Una sociedad es reconocida por su cultura, por sus costumbres y valores. Las sociedades que gozan de mayor bienestar general y son reconocidas como superiores, han sabido dar un trato preferencial a la gente mayor, a la que distinguimos en nuestros días con aquel eufemismo de “tercera edad”, una edad en la que –aunque nos llenemos la boca hablando de inclusión– muchos pierden sus empleos y sus ingresos, y se ven abocados a depender de la conmiseración familiar y de la nunca garantizada estabilidad financiera de las instituciones encargadas de la seguridad social. Ser viejo no es fácil, pero puede ser más llevadero si tratamos a los mayores con amabilidad, les damos asistencia especial y dedicado respeto.

 

Cierto es que algo se ha procurado en tiempos recientes; sin embargo, la avalancha de antivalores y de falsos principios ha sido superior. Hay todavía mucho por hacer y mucho por mejorar en varias instituciones. Hay en algunos bancos, por ejemplo, una fila reservada para las personas mayores; no obstante, hay agencias que asignan una sola fila para los adultos de mayor edad y, para colmo, las demás ventanillas no ayudan de manera aleatoria a los clientes que forman parte de esa fila. El resultado real es que si los miembros de ese grupo etario no utilizaran la fila correspondiente, y solo se incorporaran a la fila general, es muy probable que terminarían atendidos con mayor premura.
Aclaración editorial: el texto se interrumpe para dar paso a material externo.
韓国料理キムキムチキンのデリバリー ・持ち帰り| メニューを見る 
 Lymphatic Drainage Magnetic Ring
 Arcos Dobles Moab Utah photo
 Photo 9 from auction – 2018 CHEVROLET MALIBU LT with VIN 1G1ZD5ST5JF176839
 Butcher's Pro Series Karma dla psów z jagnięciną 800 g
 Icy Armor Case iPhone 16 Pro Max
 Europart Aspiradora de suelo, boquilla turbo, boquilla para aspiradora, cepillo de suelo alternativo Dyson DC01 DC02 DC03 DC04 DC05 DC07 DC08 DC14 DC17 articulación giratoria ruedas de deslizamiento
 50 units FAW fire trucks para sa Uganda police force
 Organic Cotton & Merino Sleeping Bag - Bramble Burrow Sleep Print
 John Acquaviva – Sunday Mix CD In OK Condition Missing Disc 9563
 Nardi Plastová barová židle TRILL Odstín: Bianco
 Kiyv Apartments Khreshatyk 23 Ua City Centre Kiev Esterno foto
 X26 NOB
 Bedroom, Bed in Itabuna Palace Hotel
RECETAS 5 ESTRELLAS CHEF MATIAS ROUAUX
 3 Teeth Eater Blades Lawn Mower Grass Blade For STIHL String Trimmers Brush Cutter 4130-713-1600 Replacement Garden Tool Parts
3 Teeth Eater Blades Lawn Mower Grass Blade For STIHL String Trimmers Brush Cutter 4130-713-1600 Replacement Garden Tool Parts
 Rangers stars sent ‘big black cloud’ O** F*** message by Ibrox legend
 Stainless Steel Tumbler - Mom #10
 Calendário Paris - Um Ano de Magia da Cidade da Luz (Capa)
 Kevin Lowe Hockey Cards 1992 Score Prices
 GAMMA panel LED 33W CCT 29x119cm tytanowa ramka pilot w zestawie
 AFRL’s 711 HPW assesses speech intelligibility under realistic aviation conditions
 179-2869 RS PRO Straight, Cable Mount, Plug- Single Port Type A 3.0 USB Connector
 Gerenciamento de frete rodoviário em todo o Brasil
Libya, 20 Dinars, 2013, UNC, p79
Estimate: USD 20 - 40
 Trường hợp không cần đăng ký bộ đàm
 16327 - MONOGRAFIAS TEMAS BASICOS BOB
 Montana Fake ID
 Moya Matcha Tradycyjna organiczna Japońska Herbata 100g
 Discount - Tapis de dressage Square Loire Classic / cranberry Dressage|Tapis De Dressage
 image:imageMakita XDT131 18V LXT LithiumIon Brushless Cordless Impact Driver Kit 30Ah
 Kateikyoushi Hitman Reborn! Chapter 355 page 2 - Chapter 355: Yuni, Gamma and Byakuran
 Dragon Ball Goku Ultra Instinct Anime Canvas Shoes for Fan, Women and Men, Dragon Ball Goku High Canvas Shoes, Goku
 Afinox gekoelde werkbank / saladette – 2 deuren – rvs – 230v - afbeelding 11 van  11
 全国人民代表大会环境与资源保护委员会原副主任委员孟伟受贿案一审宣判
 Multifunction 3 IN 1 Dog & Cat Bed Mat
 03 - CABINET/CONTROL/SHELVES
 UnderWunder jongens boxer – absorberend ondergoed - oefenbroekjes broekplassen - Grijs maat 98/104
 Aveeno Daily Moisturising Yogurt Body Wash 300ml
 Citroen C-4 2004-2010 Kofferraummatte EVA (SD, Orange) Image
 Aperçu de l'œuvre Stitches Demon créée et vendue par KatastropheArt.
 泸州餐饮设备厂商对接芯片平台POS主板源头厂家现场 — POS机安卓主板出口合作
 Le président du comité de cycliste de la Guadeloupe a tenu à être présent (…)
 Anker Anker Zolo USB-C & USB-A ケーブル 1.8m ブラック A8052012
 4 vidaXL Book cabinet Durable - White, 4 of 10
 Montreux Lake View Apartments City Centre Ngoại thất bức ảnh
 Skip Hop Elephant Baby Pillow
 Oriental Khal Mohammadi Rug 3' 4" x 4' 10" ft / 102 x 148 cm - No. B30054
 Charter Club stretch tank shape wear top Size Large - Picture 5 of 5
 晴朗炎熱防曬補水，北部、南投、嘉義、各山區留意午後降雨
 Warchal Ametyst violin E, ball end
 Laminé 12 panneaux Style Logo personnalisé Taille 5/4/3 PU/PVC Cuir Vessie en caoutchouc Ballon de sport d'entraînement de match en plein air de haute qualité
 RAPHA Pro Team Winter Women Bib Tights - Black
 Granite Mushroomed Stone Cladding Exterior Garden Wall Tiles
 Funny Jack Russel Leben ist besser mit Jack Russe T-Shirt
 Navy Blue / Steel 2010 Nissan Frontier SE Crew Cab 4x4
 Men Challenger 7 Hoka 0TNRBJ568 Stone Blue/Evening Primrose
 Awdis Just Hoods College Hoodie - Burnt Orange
Hace falta, por lo mismo, que sean atendidos en la forma que hoy ya lo hacen las farmacias, donde un determinado algoritmo procura que sean tomados en cuenta en la forma más expedita que pudiera ser posible.

 

Es importante que exista un trato especial para atender con prioridad a las personas de edad; no saberlo reconocer es ya, si no una forma de segregación, una de inaceptable desdén.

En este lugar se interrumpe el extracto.